Wrong import and mix of new/old usage. I'm guessing that the tests don't cover parse_file()? If it is being tested then this might be due to a phantom networkstatus_descriptor.pyc (I hate it when that happens).
Please end with "else: return None". I know this is the default behavior when there isn't a return, but explicit is better than implicit. :)
+class DescriptorParser:
"""
Helper class to parse documents.
:var str line: current line to be being parsed
:var list lines: list of remaining lines to be parsed
"""
Needs to extend object.
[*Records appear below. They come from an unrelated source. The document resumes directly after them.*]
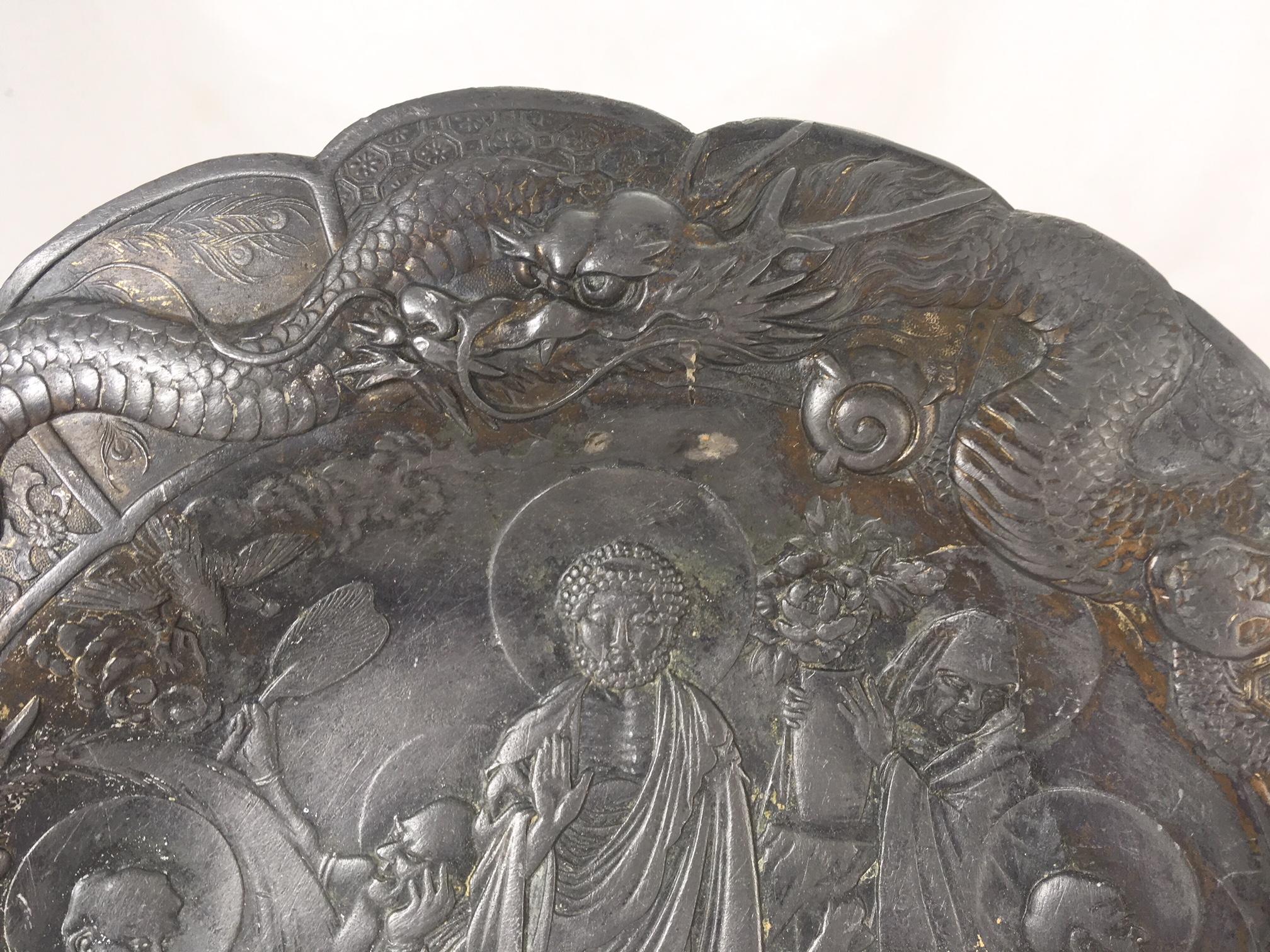 Asian Pewter plate with Boddhisatva in the garden, 19th century.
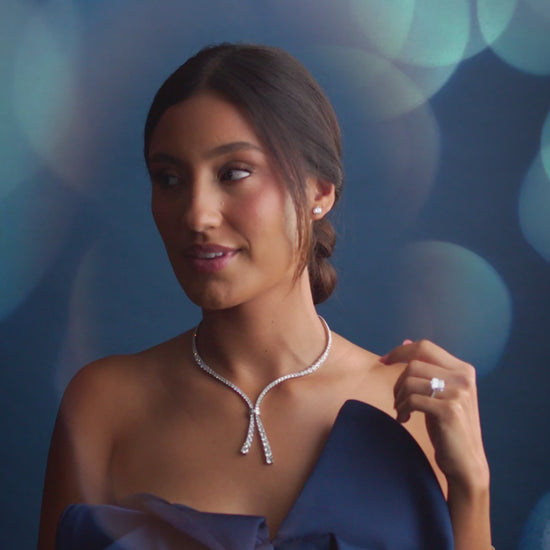 Woman wearing 14K white gold Cascade of Diamonds Necklace with 26.2 total carats, showing beautiful movement and sparkle in a lifestyle setting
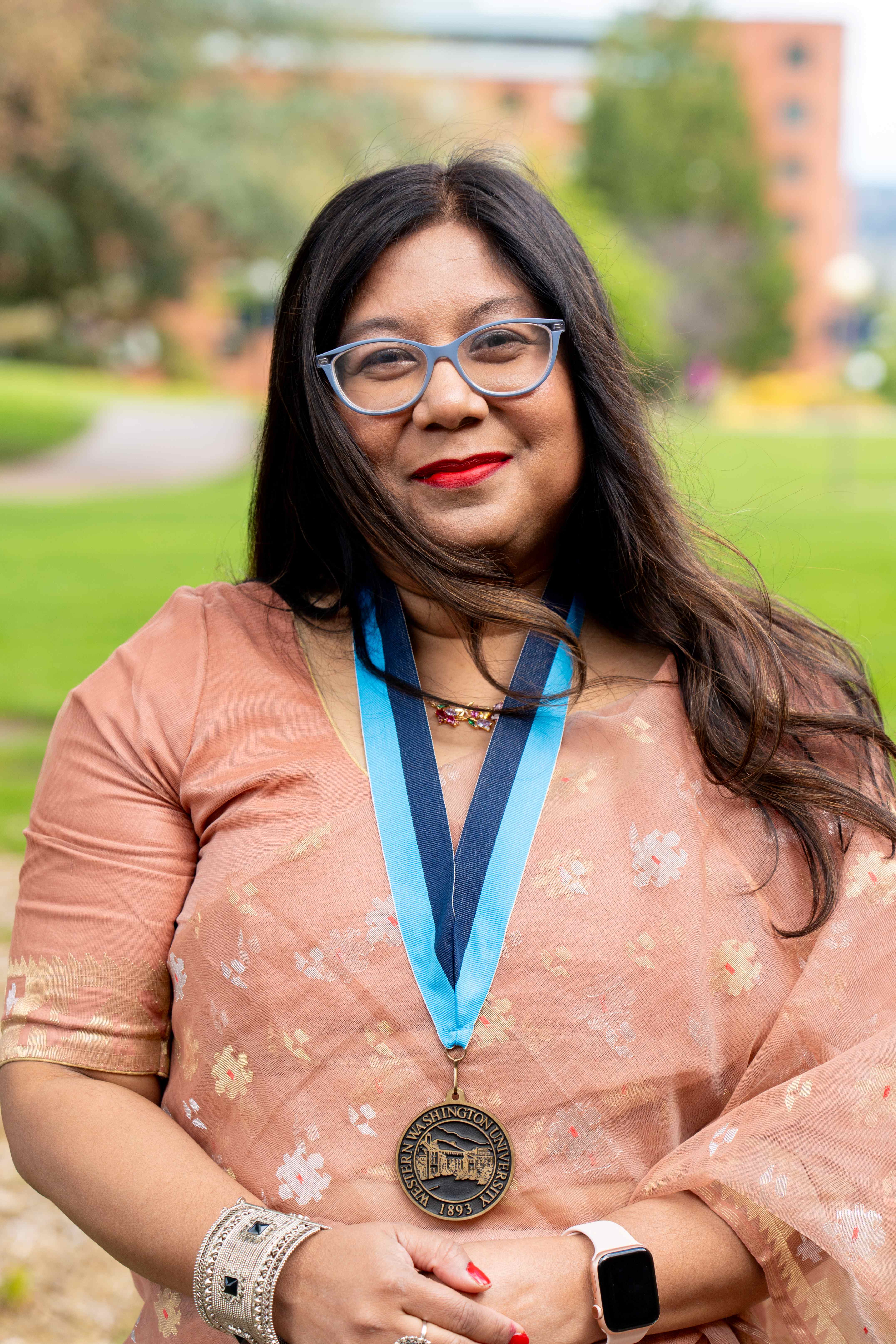 Dr. Moushumi Sharmin wearing a beautiful saree dress and the WWU award medallion
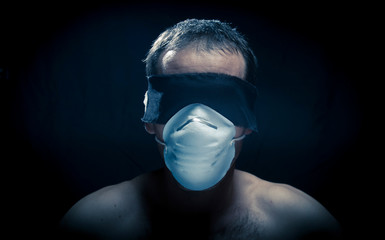 man head wearing blindfold and medical protective mask in black background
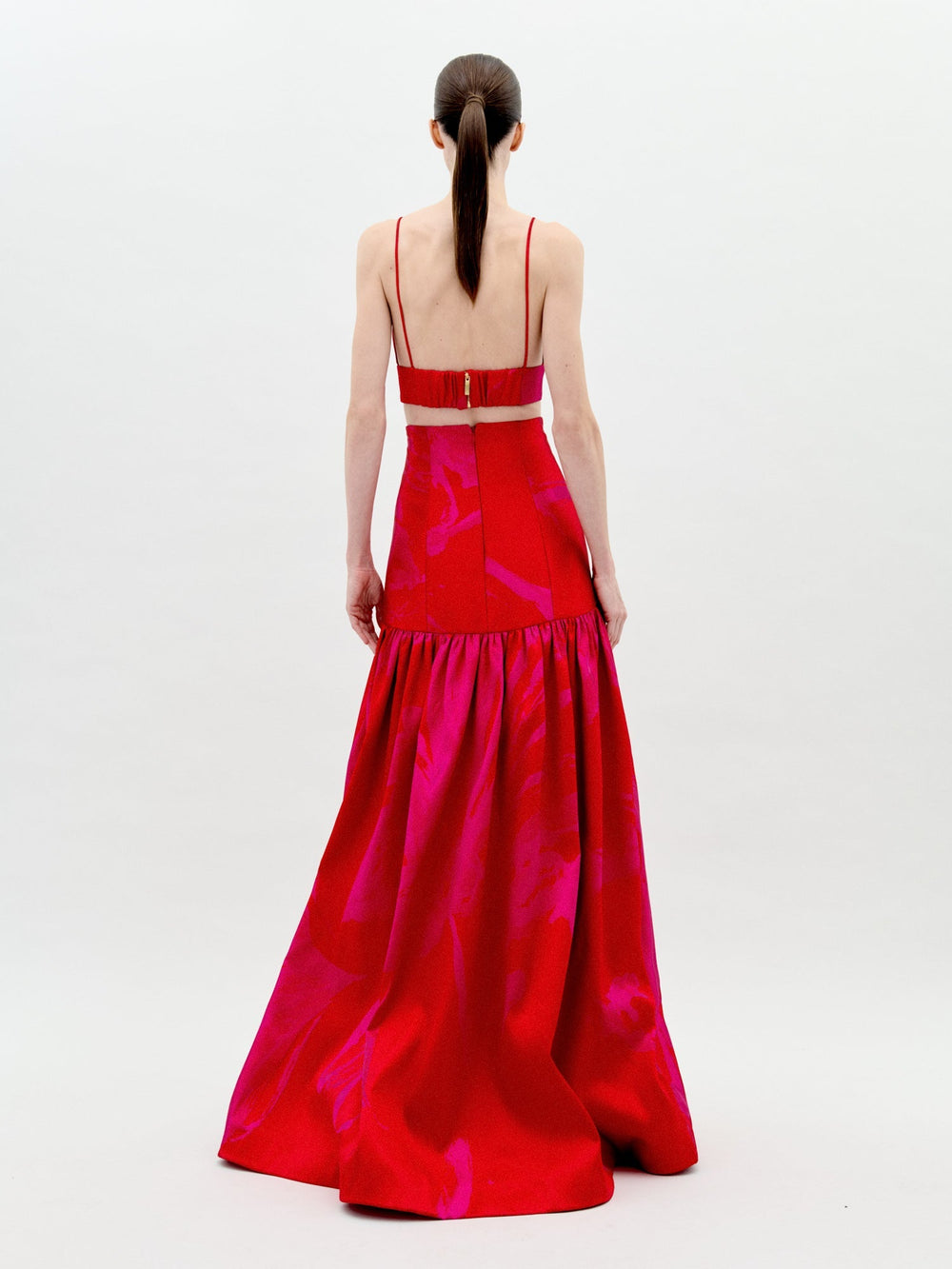 A woman with long dark hair in a low ponytail stands facing away, wearing the Helen Dress Set from SVT DESIGNS: a red sleeveless crop top with thin straps paired with a matching high-waisted, voluminous taffeta floor-length skirt.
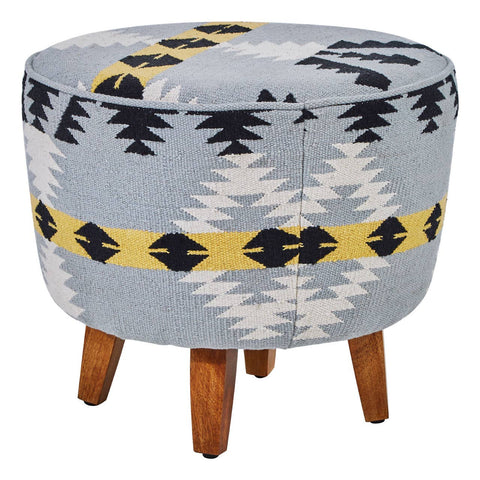Round footstool featuring a colorful Kilim-style fabric with geometric patterns in blue, black, and yellow, supported by four sturdy mango wood legs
I'm also kinda worried about how it holds on to a copy of both _raw_content and lines. Ideally it would have neither. I realize that the Descriptor class has a _raw_content attribute for its str() method. In DescriptorParser's case though _raw_content is presently unused and it should be lazily fetched since we're dealing with far larger amounts of data here. My suggestion would be for the constructor to accept a file object, then read from it on demand. This will let us have constant memory usage.
Speaking of which does this now work when processing a full consensus? I'm not spotting the test we talked about for this though maybe I'm missing it...
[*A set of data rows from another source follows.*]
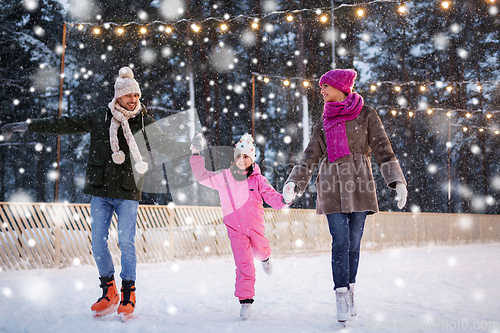 Image of happy family at outdoor skating rink in winter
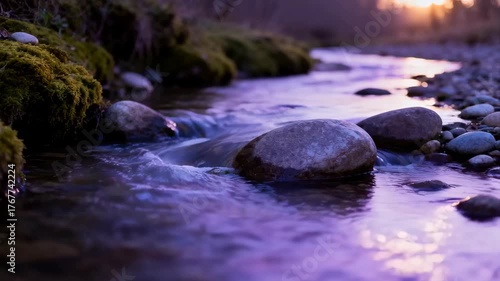 Serene Mountain Stream at Dusk Reflecting Purple Sunset Light Over Smooth Stones and Mossy Banks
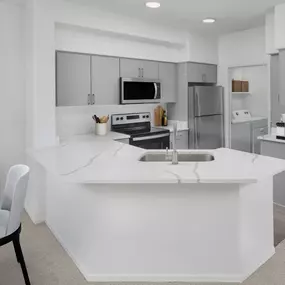 Kitchen with quartz countertops and stainless steel appliances alongside laundry room at Camden Montierra apartments in Scottsdale, AZ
This class reminds me a lot of the ControlLine class. I didn't need this style of helper for the server or extrainfo descriptor classes... are you sure that it's really necessary here? The descriptors do a lot of this (first pass parsing, 'opt' prefix handling, etc) via the _get_descriptor_components() helper, and your read_block() method reminds me a bit of the _get_pseudo_pgp_block() helper.
This style of helper class generally hurts code readability. I made the ControlLine class because controller responses are generally structured like a stack, and I wanted to avoid the numerous regexes that TorCtl uses to handle it. That said, I'd love to get rid of the ControlLine class if we had a good alternative.
So in summary:
I'd suggest lazily evaluating what you need from a file object. See the server or extrainfo descriptor's parse_file() functions - they read from a file line by line and yield descriptors so its memory usage isn't greater than a single descriptor.
I'd also suggest replacing this helper class with helper functions that give you back python primitives. This module has several such helpers that we might be able to expand to meet your purposes.
Thoughts?
stem/descriptor/networkstatus.py
:var bool is_valid: * router is valid
:var bool is_guard: * router is suitable for use as an entry guard
:var bool is_named: * router is named
Interesting, I hadn't thought of doing a series of boolean flags for this. However, I'd suggest adding a Flags enum and making this a tuple instead. Users can do the same with fewer methods and also query the RouterDescriptor for all of its flags (which you can't do with these booleans). This would look like...
Flag = stem.util.enum.Enum( ("GUARD", "Guard"), ("NAMED", "Named"), ...)
... then used like...
>>> my_router_descriptor = RouterDescriptor(...)>>> print Flag.NAMED in my_router_descriptor.flagsTrue>>> for flag in my_router_descriptor.flags:... print flagNamedGuardValid
I'll hold off on reviewing the rest for the moment since the DescriptorParser might lead to quite a bit of refactoring (sorry about that!).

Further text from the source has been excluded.